Saturday, 31 May 2014

Climate Change solutions: "Revealing greater agreement than the pro-growth versus de-growth dichotomy suggests."

It's not just a question of how your politics shapes your view of the 'reality' of climate change:
Futures Forum: "Climate science has been dragged into the American-style culture wars that are turning British intellectual life into a battlefield."
Futures Forum: The continuing politicisation of the climate change debate

It's also a question of how your politics shapes the 'solutions' to climate change:

And one of the central ideas for discussion is whether we can 'decouple' economic growth from environmental degredation:
'Decoupling' economic growth to save the climate
Jonathon Porritt: EU 'remains mired in the last century' - Blue and Green Tomorrow
Over €100 Million for Climate Change Innovation Programmes Announced in Europe - PR.com
Decarbonising The Economy Will Save $71 Trillion By 2050 Says IEA By Sophie Yeo

In economic and environmental fields, decoupling is becoming increasingly used in the context of economic production and environmental quality.

In 2011, the International Resource Panel, hosted by the United Nations Environment Programme (UNEP) warned that by 2050, the human race could devour 140 billion tons of minerals, ores, fossil fuels and biomass per year – three times its current appetite – unless nations can start decoupling economic growth rates from the rate of natural resource consumption.[1]

The OECD has made decoupling a major focus of the work of its Environment Directorate. The OECD defines the term as follows: the term 'decoupling' refers to breaking the link between "environmental bads" and "economic goods." It explains this as having rates of increasing wealth greater than the rates of increasing impacts.[2]

Tim Jackson uses this distinction to caution again technology-optimists who use the term decoupling as an "escape route from the dilemma of growth."[3] He points out that "there is quite a lot of evidence to support the existence of [relative decoupling]" in global economies, however "evidence for [absolute decoupling] is harder to find."[3]

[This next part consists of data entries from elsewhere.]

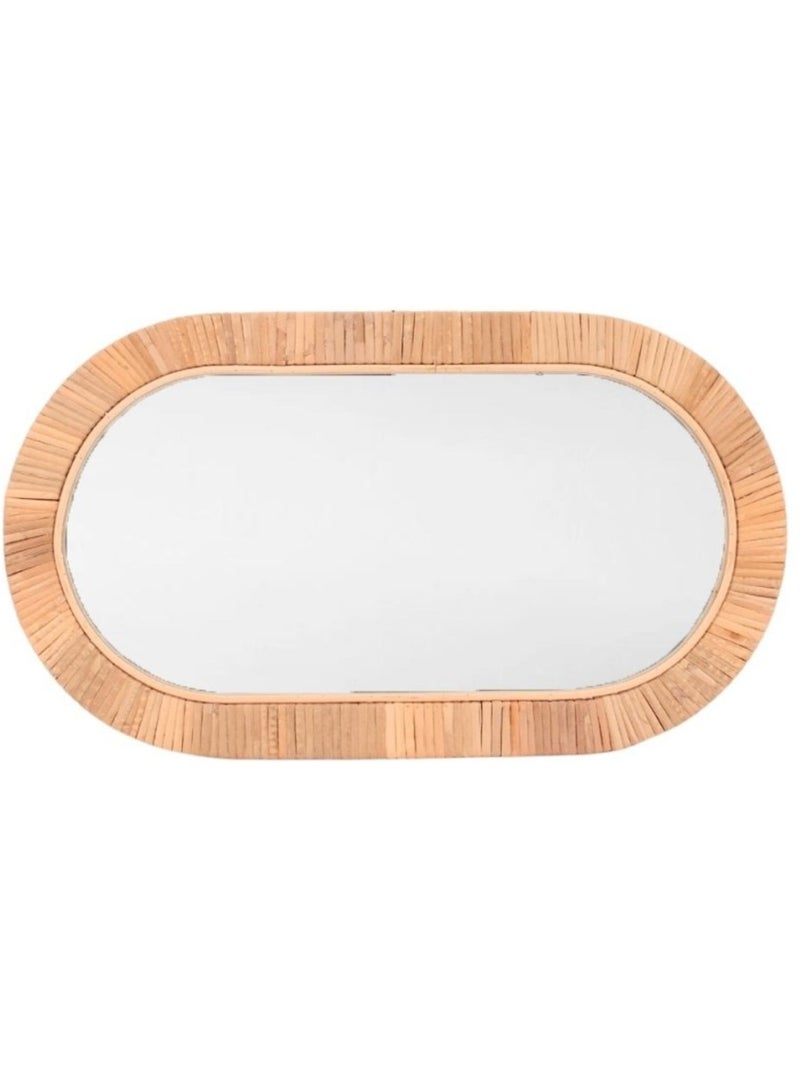 Miroir en rotin ovale 45x25cm Beige - Kiabi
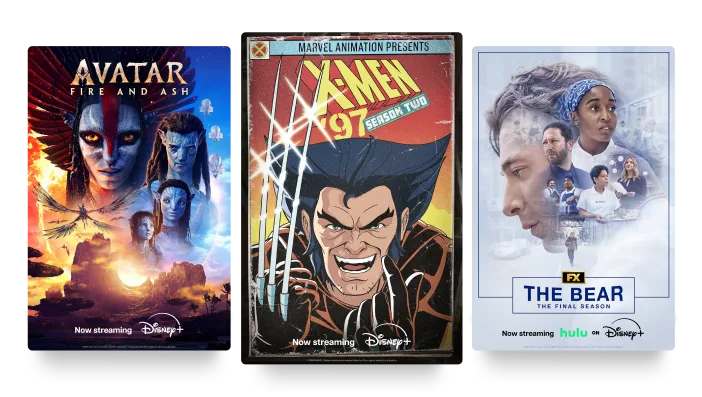 Three posters: ‘Avatar: Fire and Ash’, ‘X-Men '97 Season Two’ and ‘The Bear: The Final Season’ with the Disney+ and Hulu logos.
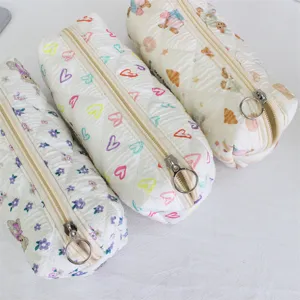 Trousse à crayons matelassée sac de rangement mignon dessin animé pochette pour étudiante.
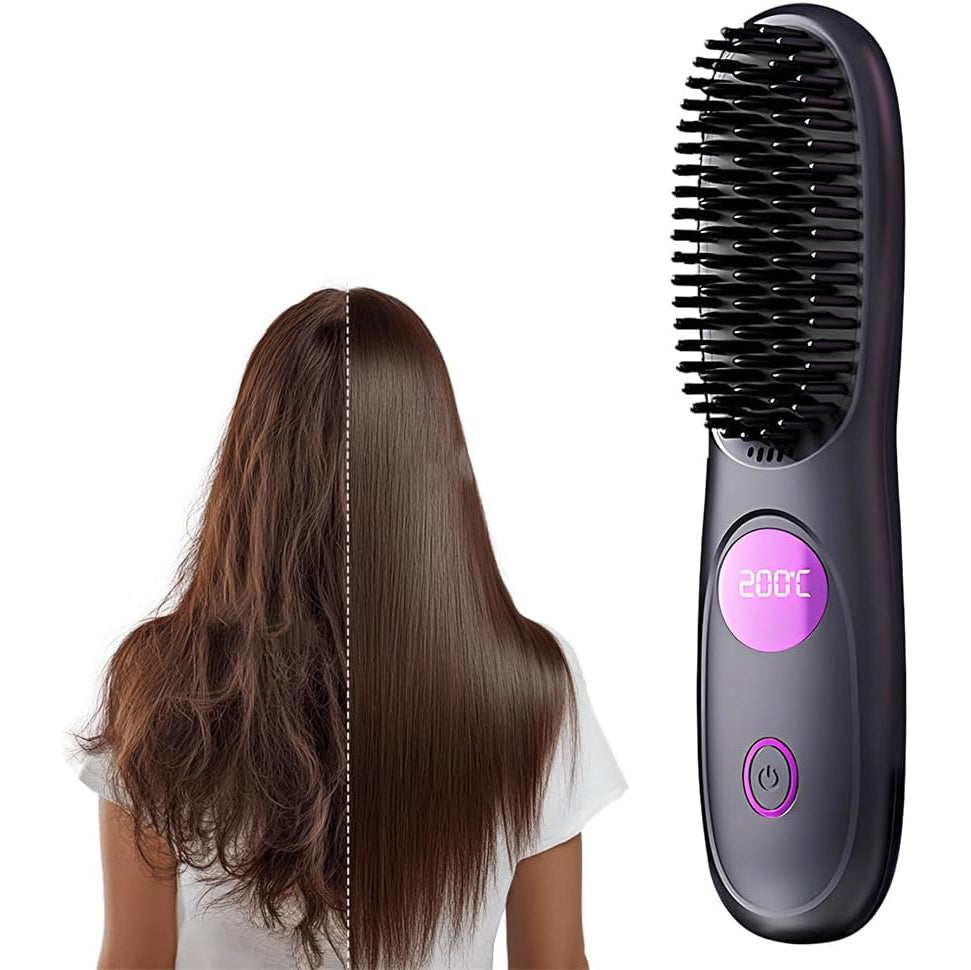 Cordless Hair Straightener Brush Comb with 3 Temperature Settings and Led Display, USB Rechargeable Fast Heating for Travel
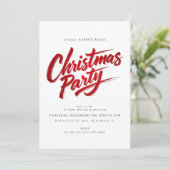 Modern Red Brush Script Kerstfeest Uitnodiging (Staand voorkant)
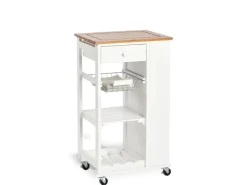 Zeller Küchenrollwagen Bambus/MDF/Metall 50 cm x 37 cm x 86,5 cm Weiß< Servierwagen
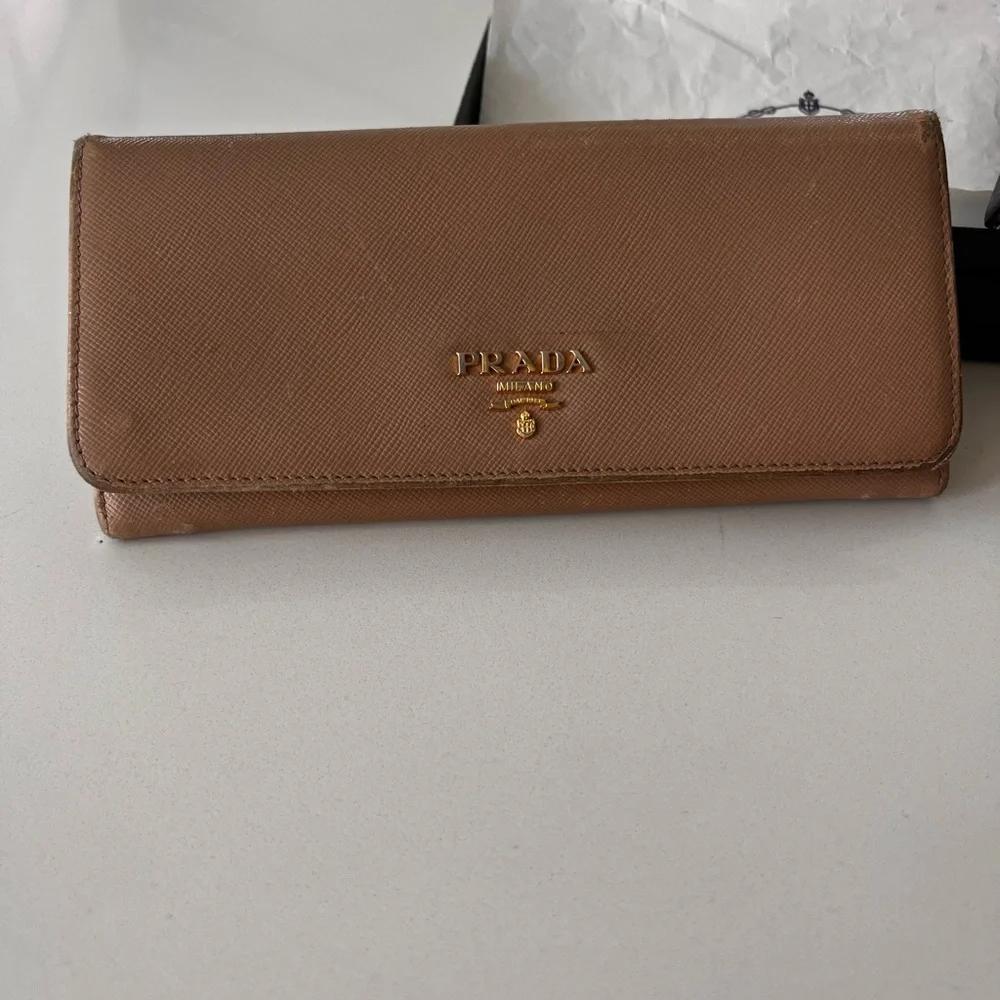 Authentic Prada Beige Leather Long Wallet - Picture 2 of 14
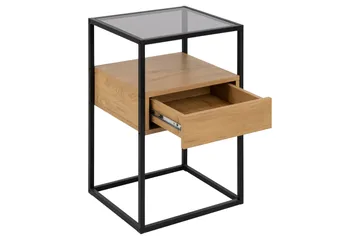 Sakila Sängbord 35 cm i Glas med Ekutseende, Förvaring med Låda - Natur - Möbler - Bord & matgrupper - Avlastningsbord - Sängbord & nattduksbord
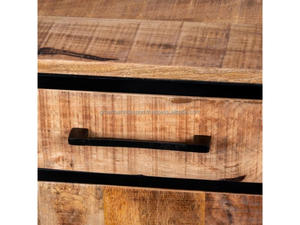 Mesa de Noche Industrial de Madera de Mango con Estructura Metálica, Mesita de Noche de Madera con Cajón y Puerta, Mueble Auxiliar para Dormitorio - Product Image 4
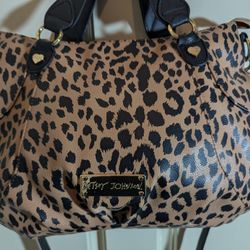 Betsey Johnson Leopard Cheetah Purse Handbag Black Tan medium large Vintage 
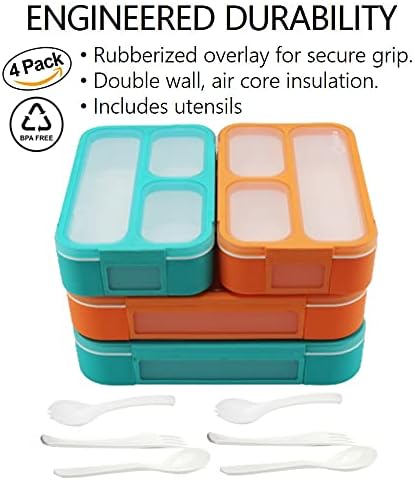 Bento Box Lunch Boxes and Snack Containers for Kids Girls Boys | Leakproof Portion Container Kits BPA Free | Value Pack Set of 4 | Teal Orange Large + MINI, Value 4 pack
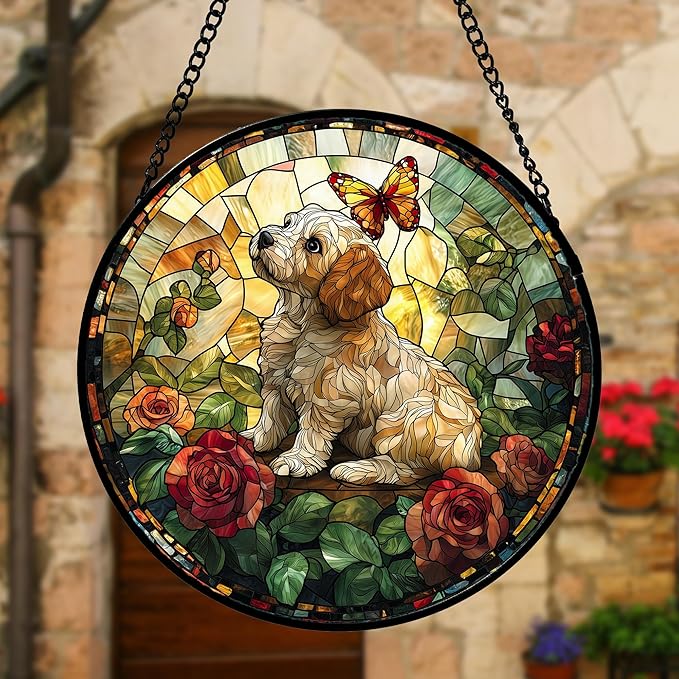 Stained Glass Window Hanging, Cute Dog and Flowers Suncatcher for Doors Home Butterfly Sun Catchers Decoration and Christmas, Mother's Day Birthday Gifts for Women, Men, and Mom 6.3 in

Similarly, Herman Daly (1991, p. 118) states: It is true that "In 1969 a dollar's worth of GNP was produced with one-half the materials used to produce a dollar's worth of 1900 GNP, in constant dollars." Nevertheless, over the same period total materials by consumption increased by 400 percent.[4]

From the New Economics Forum:

Climate change: time to end the tug of war


What's stopping us joining forces to act on climate change? UN Secretary-General, Ban Ki moon thinks scepticism is still one of the fundamental obstacles. But I think there’s more to it than that.
As the effects of climate change hit home, a deeper disagreement is surfacing: not from the dwindling sceptic camp, but from the growing proportion of us already convinced of the need for action. We all want an environmentally sustainable economy, but when it comes to how we get there – we’re divided.
At one pole, green growth advocates believe the economy should remain broadly unchanged. We should continue to pursue economic growth because technological innovation will someday enable us to use natural resources in a sustainable way. At the other pole, degrowth advocates believe that economies must actually contract if we are to avoid breaching environmental limits.
Sure, many of us, if pressed, might place our own position on the matter somewhere between these two extremes.  But has framing the issue in terms of this division created a tendency to (consciously or not) relate with one or other pole; making us reluctant to give serious consideration to the views set out by the “other side”?
I think so. And I think it’s slowing us down. Which is why in the new paper we’ve just completed as part of the European Commission’s NETGREEN project, we set out to abandon our preconceptions on how best to achieve a green economy and take a more objective look at the main approaches that have been championed. The idea was to get to grips with exactly why the approaches differ on three key aspects:
  1. the strategic approach to transitioning;
  2. the interventions necessary to make the transition happen;and
  3. the political viability of the overall approach.
We found that, once you give equal merit to all approaches, some incontestable truths become clear, revealing greater agreement than the pro-growth versus degrowth dichotomy suggests.  
For example, the cost and extent of technological innovation needed to decouple production from environmental degradation is often presented as one of the main battlegrounds in the green economy debate. But scratching at the surface reveals that at the heart of this lies the indisputable truth that we simply cannot know whether advances in technology will provide the solution to environmental sustainability. This realisation makes it clear that the dispute isn’t about what technology will achieve, but whether technological innovation is the only solution that’s likely to work; and whether alternative solutions should also be pursued, such as convincing citizens to switch to less resource intensive lifestyles.
This isn’t a new revelation - but we think that by approaching the disagreement more objectively, it’s easier to get to the crux of the issue, frame it in terms of the true source of disagreement, and identify common ground along the way. By taking such an approach, we might just be able to find opportunities for constructive discussion, be able to move thinking forward, and crucially, accelerate progress towards a green economy.
Climate change: time to end the tug of war | new economics foundation

From the EU Commissioner for Environment:

Fewer forests in our cars

Conference on the challenges of deforestation and forest degradation in the context of climate change, development and biodiversity loss

Brussels, 26 May 2014

I am convinced that our approach and strategy for tackling the challenge of deforestation and forest degradation needs to part of our wider resource efficiency strategy. We need to decouple our economic growth from resource use. This means moving away from traditional economic models, old technologies and failed ideas.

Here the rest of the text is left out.